Before heading to the Philippines, we heard a whole lot about the abundant marine life this island country housed. We were also aware of the famous dive with Whale Sharks, famous in Oslob, and were eager to see these giants up close.
We visited the city exclusively to experience this encounter but wasn’t before long that we noticed something seemed a bit off.
Oslob is a small town with few places to eat and sleep, so it wasn’t difficult to find the area where the dive happened. As we arrived a little earlier the day before, we went around to check it out and were pleased to see that the centre had signs up with updated information on the conservation and care of whale sharks.
Excited to see the largest fish on Earth, we went to bed early to wake up even earlier and get a good spot in the line. There’s no bookings and if you don’t want to wait for too long, you better get there before dawn.
It was 5:30am when we arrived in the still dark but already noisy beach. About 300 to 500 people were already lined up to sign and pay for the tour with the sharks. While we waited around with tourists from all over the world and locals too, we sensed that there was something really off.
After paying and ready to get our equipment to snorkel, we waited around listening to a lady providing everyone with information on the ‘protection and care’ of the sharks: “no touching, no jumping, no sunscreen and no flash”. There was however, no mention of the limit of 6 people per shark as signalled on the boards.
After a wait of approximately an hour, it was our turn to jump on the boat. No further than 30 metres was a tiny boat with bags of what I learnt after to be frozen krill that was being fed to the sharks.
Our boat (luckily just with the two of us) stopped about 8 metres from the others and we were allowed to ‘jump in’. Carefully, we both exited the boat avoiding making bubbles as we learned they attract the attention of the whales (and believe me, you don’t want that to happen).
Upon fixing our mask and snorkel, one giant shark was already there, having its feast of frozen fish and beautifully floating around. What was supposed to be an unforgettable and remarkable experience turned also to be a sour memory.

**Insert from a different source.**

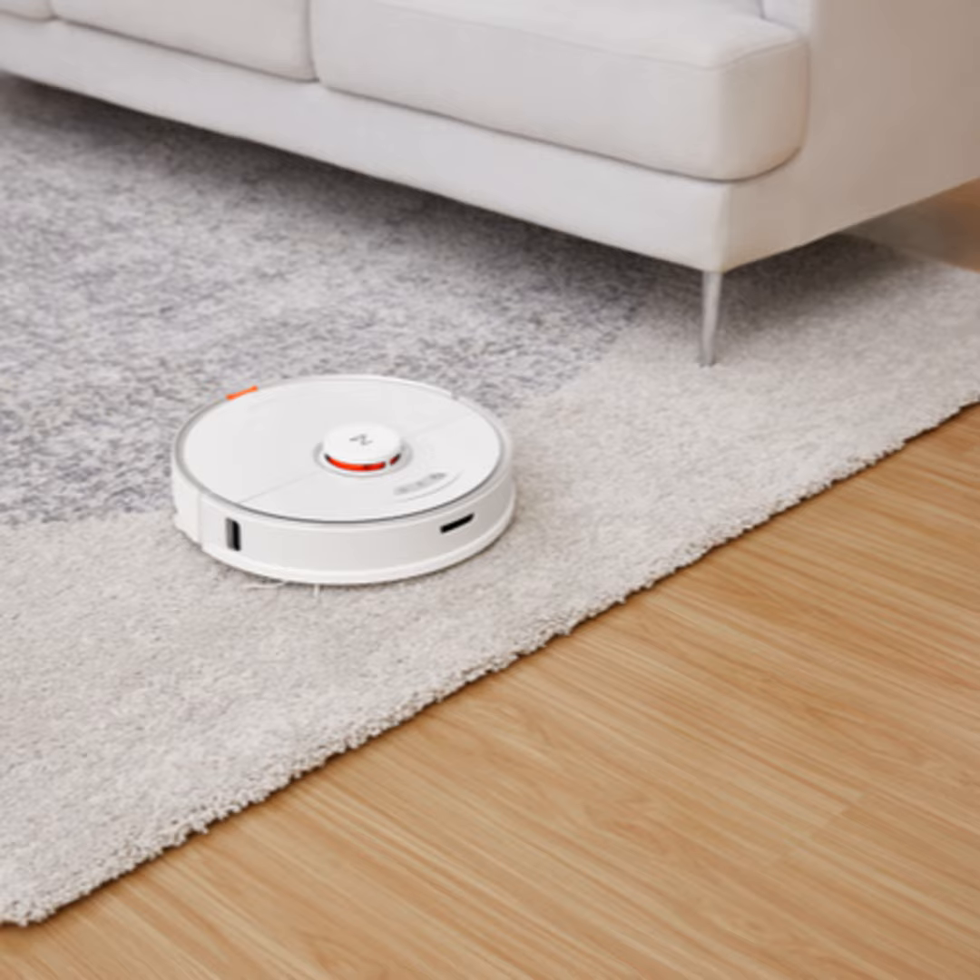Very smart. And an automatic emptying dock is due out later this year. The price? About $650. Find more at us.roborock.com. You can find us at textination.com.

Underwater, fighting to pay attention to the Whale Shark there was also dozens of other swimmers and snorkelers trying to pose for the perfect selfie and getting dangerously close to the sharks.
Under them, another handful of divers admiring the beauty of this endangered animal and making thousands of little bubbles that confused me as to why such an inappropriate act was allowed.
Our 30 minutes with about 2 to 3 sharks came to and end after we managed some far away shots and a very close call, as one gigantic specimen came straight towards me while Jean recorded my quick disappearance as I tried to hide behind the boat.
From inappropriate handling of the crowds to the feeding of wild animals, we both felt highly uncomfortable after leaving the site and letting the experience sink in. Whale sharks are intelligent and migratory animals that feed of wild krill and are never supposed to lay on a vertical position to wait for food. It felt wrong to ‘lock’ these animals in a food dependant circle where they are now not used to acquire their nutrition by themselves and would lack the skills and nutrition to fend for themselves.
As we left the site still not believing our eyes from seeing such amazing animals we felt a disappointed for supporting such an unethical attraction.
It was indeed a timely reminder that animal mistreatment goes way beyond locking them in cages for our own entertainment.
What can you do instead:
If you still feel like you’d love to see the largest fish on Earth, make sure to research sites that actually care for the life of these animals. Some suggest that Donsol (on the north of Cebu) offers tours that hold no guarantee to see a Whale Shark but grants the certainty that the animals are left peacefully alone in their own environment.